Empresas y finanzas
¿Hacia la versión 2.0 de la Ley Glass-Steagall?
Hace 20 años cayó el Muro de Berlín. Todo el mundo lo sabe. Lo que no resulta tan conocido es que hace justo una década, el 12 de noviembre de 1999, también se vino abajo otro muro. Consistió en la derogación en Estados Unidos de la Ley Bancaria, más conocida como Ley Glass-Steagall, en honor a los senadores Carter Glass y Henry S. Steagall, sus dos principales promotores.
Su demolición, por supuesto, no compite en trascendencia con el derribo del que partió en dos Alemania y el mundo, pero eso no significa que carezca de importancia.
Llevaba en vigor desde 1933, año en que la sancionó el presidente Franklin D. Roosevelt. Y sí, era una norma heredera de su tiempo, ya que pretendió sentar las bases para evitar otro crac del 29 y otra Gran Depresión. Para ello, incluyó entre sus postulados una división clave: las entidades financieras estadounidenses sólo podrían dedicarse o a la banca comercial o a la de inversión. Los que se decantaran por la primera actividad, se dedicarían a captar depósitos y dar préstamos. Los que optaran por la segunda, se ocuparían de la emisión de acciones y bonos. En última instancia, buscaba impedir una alta concentración de poder en pocas manos.
Las primeras dudas
Con el recuerdo del crac del 29 y de sus efectos posteriores muy fresco, ese armazón se construyó sin problemas. Pero las dudas surgieron con el paso de los años. Los bancos empezaron a sentirse molestos con la 'Glass-Steagall'. La veían como un corsé que les situaba en inferioridad de condiciones con respecto a las entidades europeas y japonesas. Las críticas se dejaron escuchar en los años 70, aunque fue en los 80, con la llegada de Ronald Reagan a la Casa Blanca y su ánimo desregulador, cuando arreciaron.
La semilla del cambio estaba sembrada. Más aún ante las presiones de los lobbies de Wall Street. Y la Administración presidida por Bill Clinton dio su brazo a torcer. La Ley Glass-Steagall fue sustituida por la Ley de Modernización de Servicios Financieros o Ley Gramm-Leach-Bliley. Los bancos lo consiguieron. Se quitaron los corsés. Adiós a la separación entre banca comercial y banca de inversión.
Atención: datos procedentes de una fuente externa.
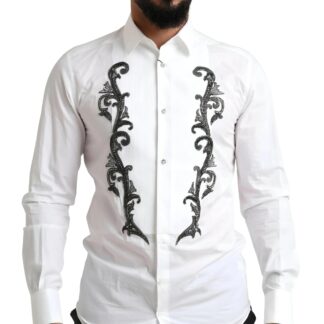 Dolce & Gabbana GOLD Slim Fit White Tuxedo Smoking Cotton Shirt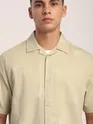 Beige Motif Embroidered Cuban Shirt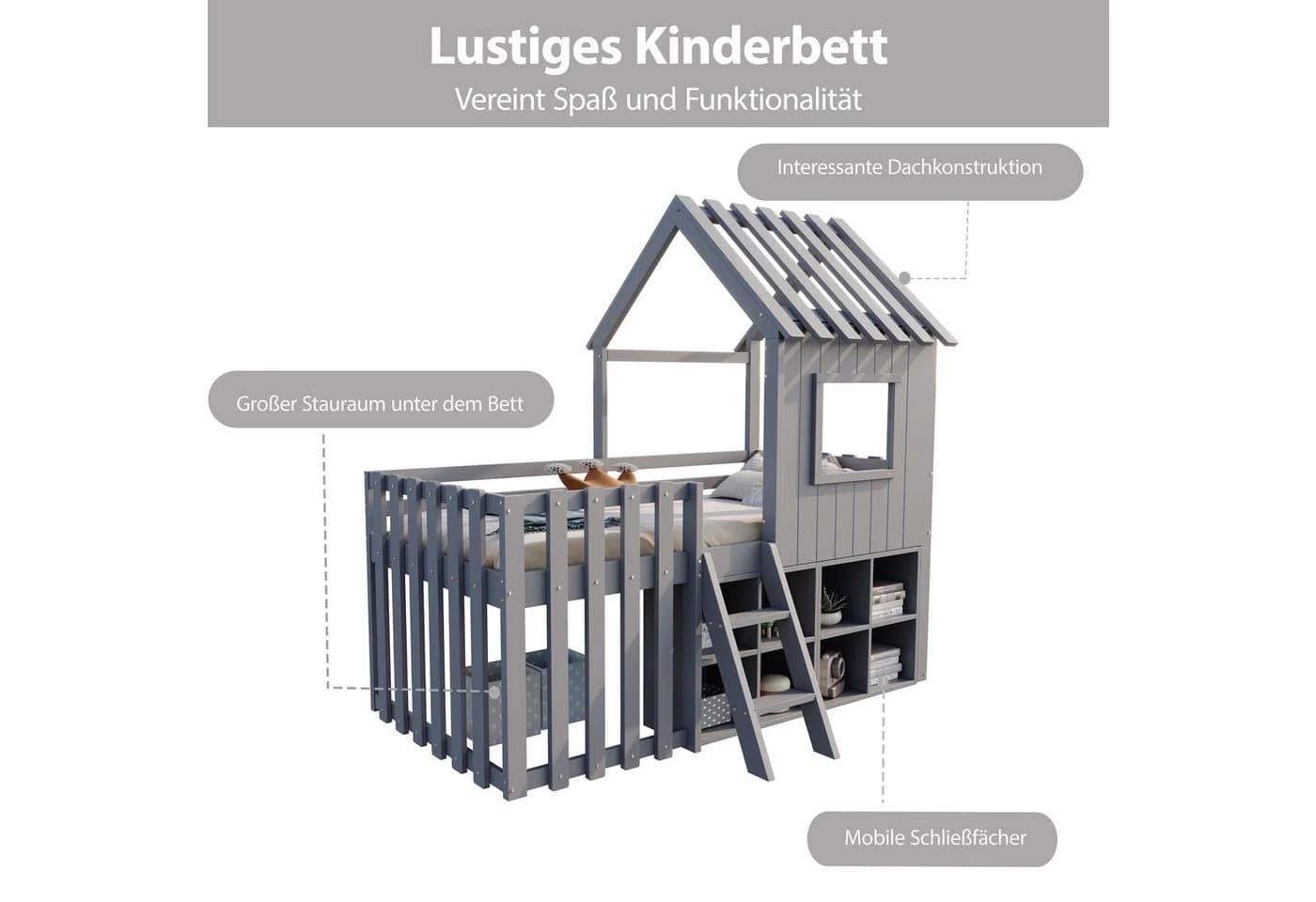 Merax Hochbett Spielhaus Grau/Weiß mit Stauraum und Schutzzaun - Bild 4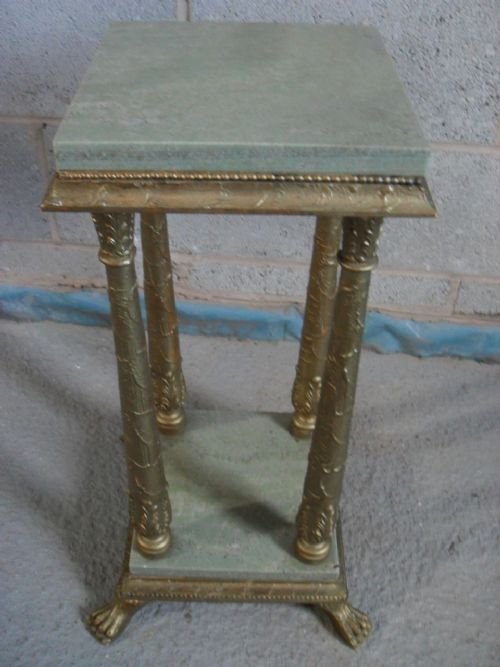 Green Marble Top and Gilt Wood Four Column Jardiniere Stand with Marble Base on Four Pan Feet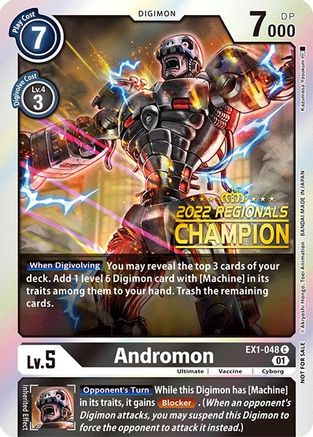 Andromon (2022 Championship Online Regional) [Online Champion] (EX1-048) - Classic Collection Foil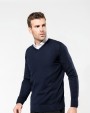 KARIBAN Merino-Herrenpullover mit V-Ausschnitt Pullover personalisierbar
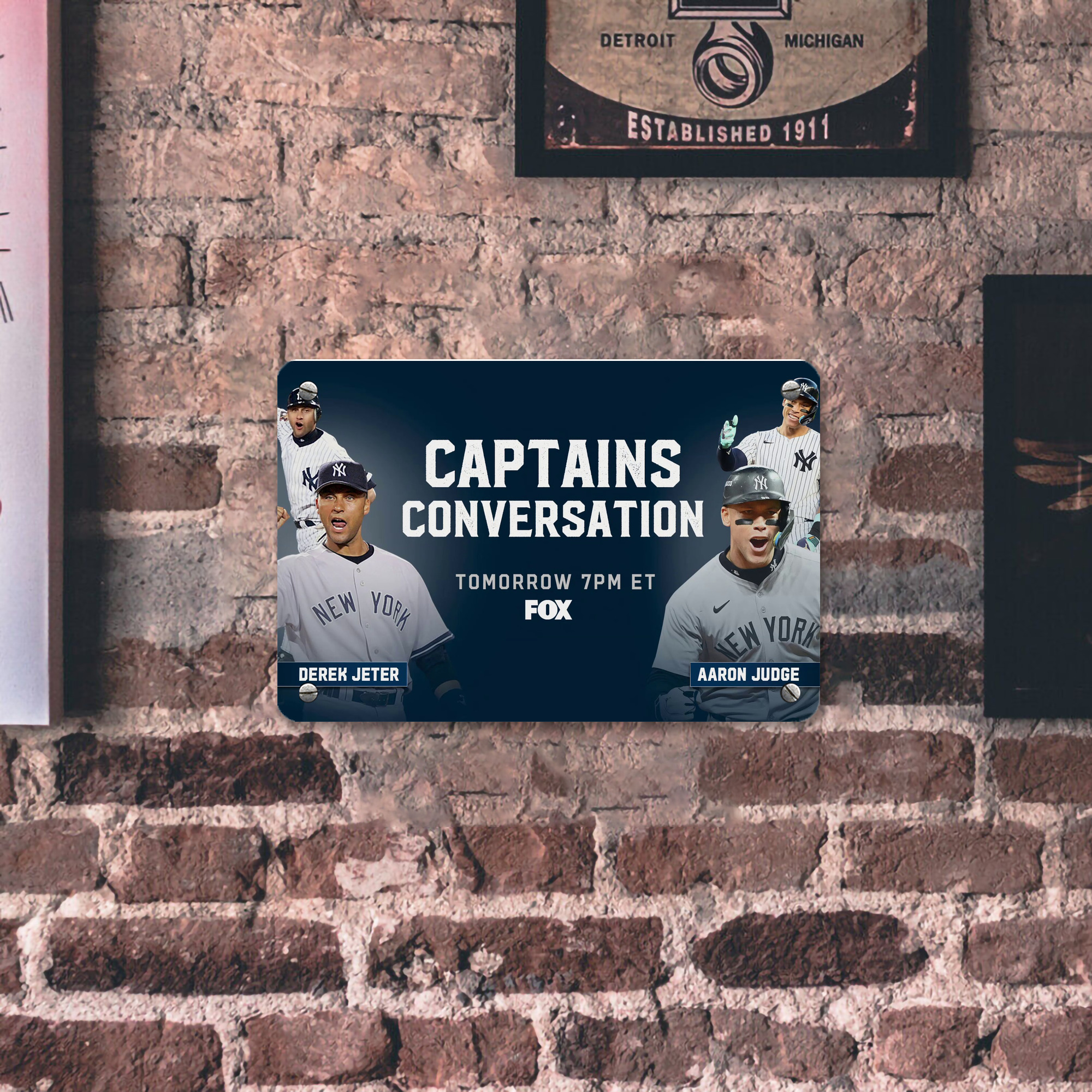 Aaron Judge Yankees Captain Metal Tin Sign 12x8inch - Premium Full-Print Decorative Wall Art, Durable Rust-Resistant Metal Plaque For Living Room, Bedroom, Kitchen, Office, Bar Décor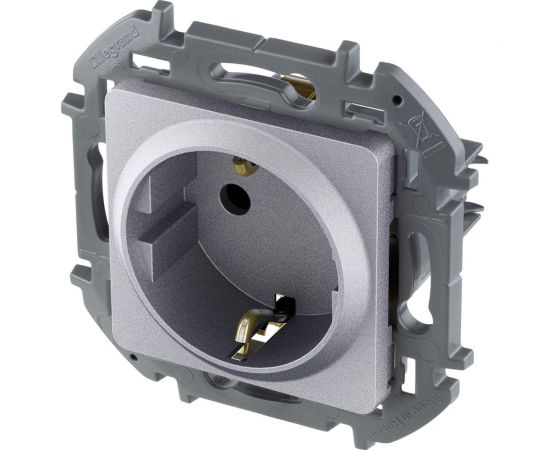 Розетка Legrand 2К+З - немецкий стандарт - 16 А - 250 В - INSPIRIA - алюминий 673722 – изображение 3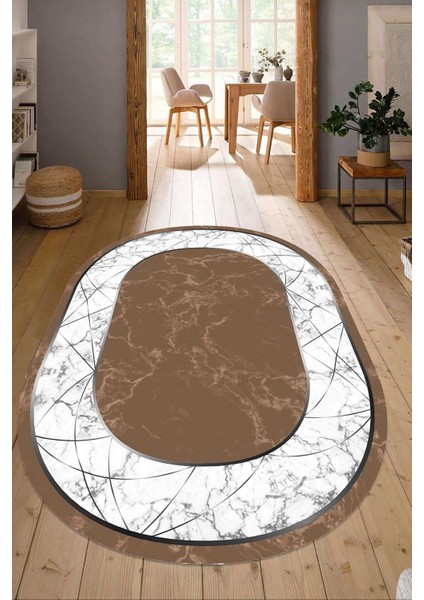 Dijital Baskılı Kaymaz Taban Yıkanabilir Oval Salon Halısı Mutfak Halısı Yolluk NDO-HT-657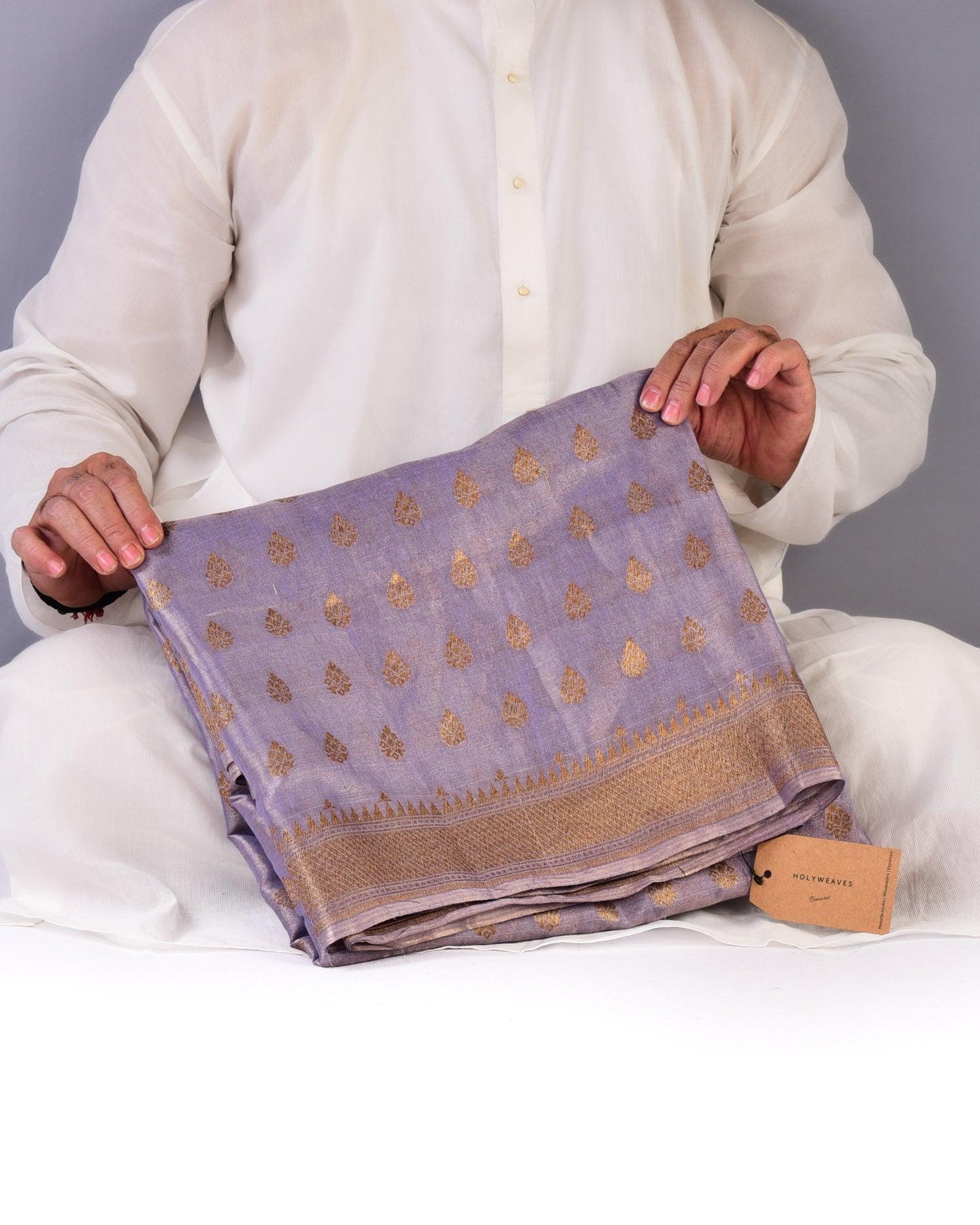 Metallic Gray Banarasi Antique Buti Cutwork Brocade Handwoven Muga Tissue Saree - By HolyWeaves, Benares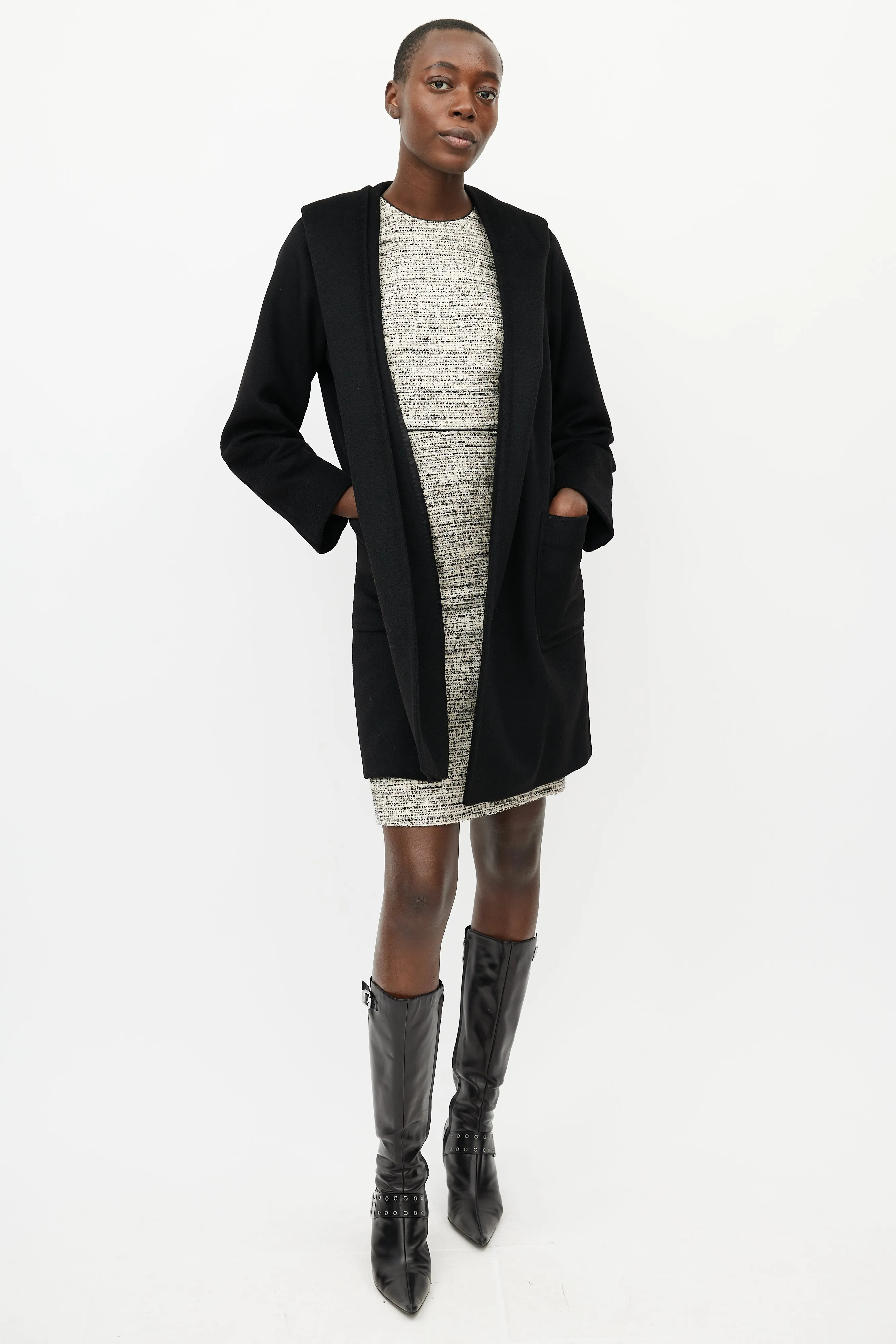 Black Hooded Cashmere Coat
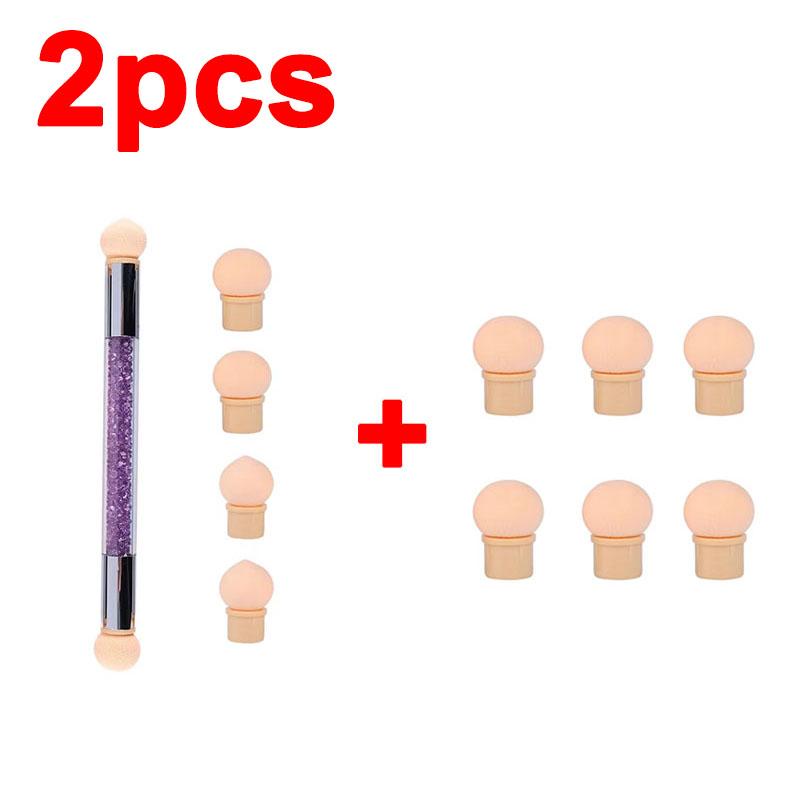 Sponge Heads Replacement Nails Color Gradient Brush Glitter Art Gel Polish Powder Dotting Pen for Manicure Tools ZJS05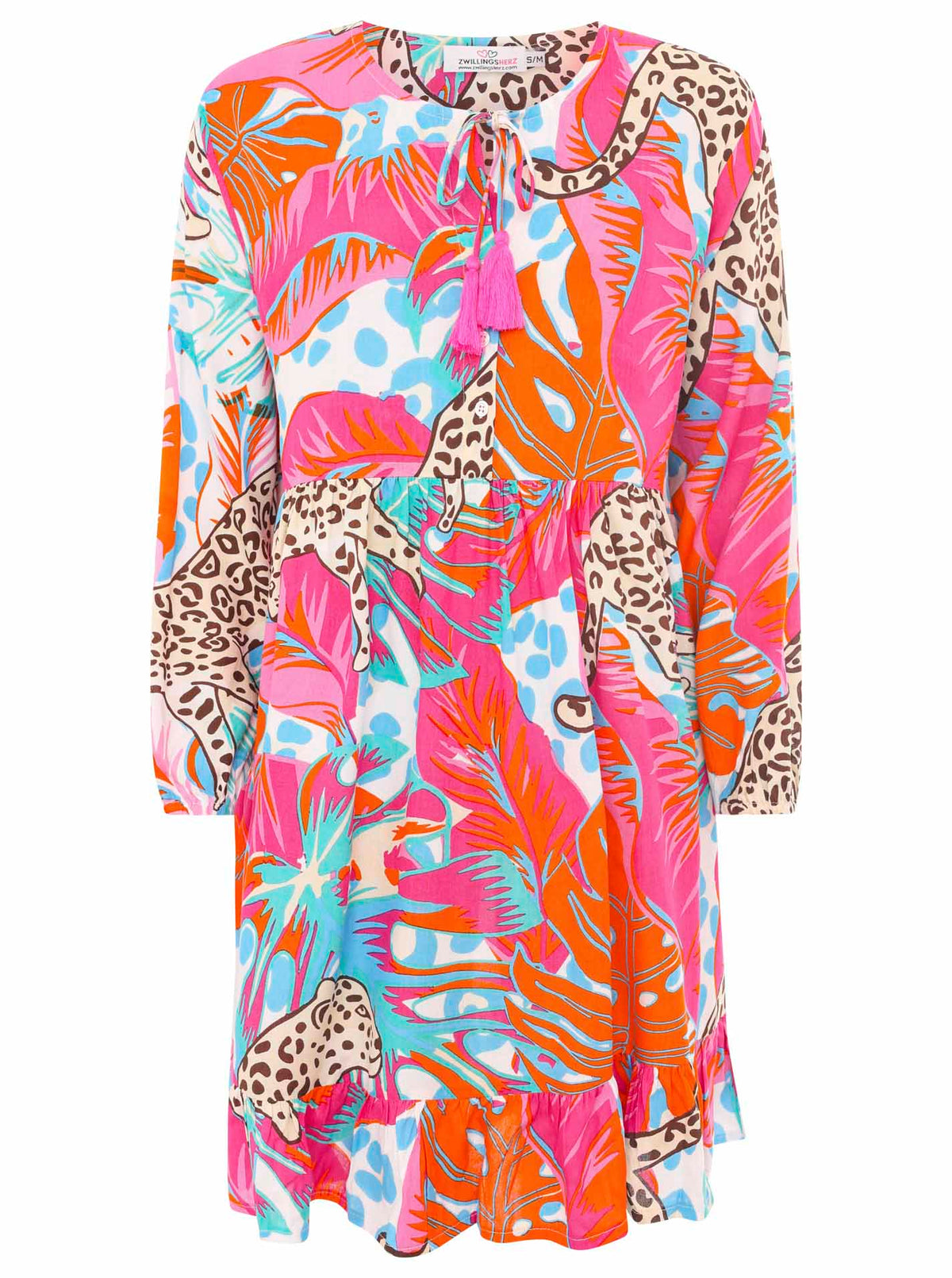 Zwillingsherz - Kleid/Tunika Leo Dschungel- Pink/Beige/Schwarz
O, como se decía en Wall Street, adiós a la "aberración" de 1933.
Su caída también contó con poderosos aliados fuera del centro financiero. "Afortunadamente, Gramm-Leach-Bliley, que restauró la flexibilidad necesaria para las industrias financieras, no es una aberración", asegura el ex presidente de la Reserva Federal (Fed), Alan Greenspan, en sus memorias para consolidar la postura que ya mantuvo hace diez años.
¿Una decisión errónea?
Una década después, la crisis actual pone en entredicho aquella medida. "Con el paso del tiempo, no cabe duda de que aquella decisión fue errónea y que tal vez contribuyó un tanto a la crisis (actual)", sostiene el Premio Nobel de Economía en 2008, Paul Krugman.
En efecto, tras la derogación de la 'Glass-Steagall', los bancos estadounidenses se convirtieron en los más grandes del mundo y se adentraron en una sofisticación sin precedentes al abrigo de una legislación propicia y una supervisión que no acertó a observar cómo, poco a poco, se desarrolló lo que luego se ha bautizado como banca en la sombra. Es decir, una maquinaria inversora que no sólo se situó fuera del balance de las entidades, sino también fuera de los ojos de reguladores y supervisores.
Semejante tamaño y semejantes excesos se revelaron como un cóctel explosivo cuando estalló la crisis. Es más, ésta ha puesto de moda una expresión que es resultado, en buena medida, de la revocación de la Ley Bancaria. Alude a la existencia de entidades que son "demasiado grandes para caer", y que por tanto deben ser rescatadas por muchas fechorías financieras que hayan cometido. Si no, su quiebra puede conllevar la de todo el sistema.
De ahí que ahora surjan voces que reclaman volver a la situación anterior. Como la del ex presidente de la Fed y actual asesor del presidente Barack Obama, Paul Volcker. "Se debe tratar distinto a los bancos de otras instituciones financieras, y deben limitarse sus actividades", afirmó en una entrevista publicada recientemente en elEconomista.
El dilema, como siempre, consiste en buscar el equilibrio entre el desarrollo de una mejor regulación y supervisión, dados los clamorosos fallos que han conducido a los problemas vigentes, y la libertad que permite a la banca financiar y aumentar el potencial de la economía real. Más que resucitar la Ley de 1933, lo que hace falta es una nueva versión para los retos del siglo XXI.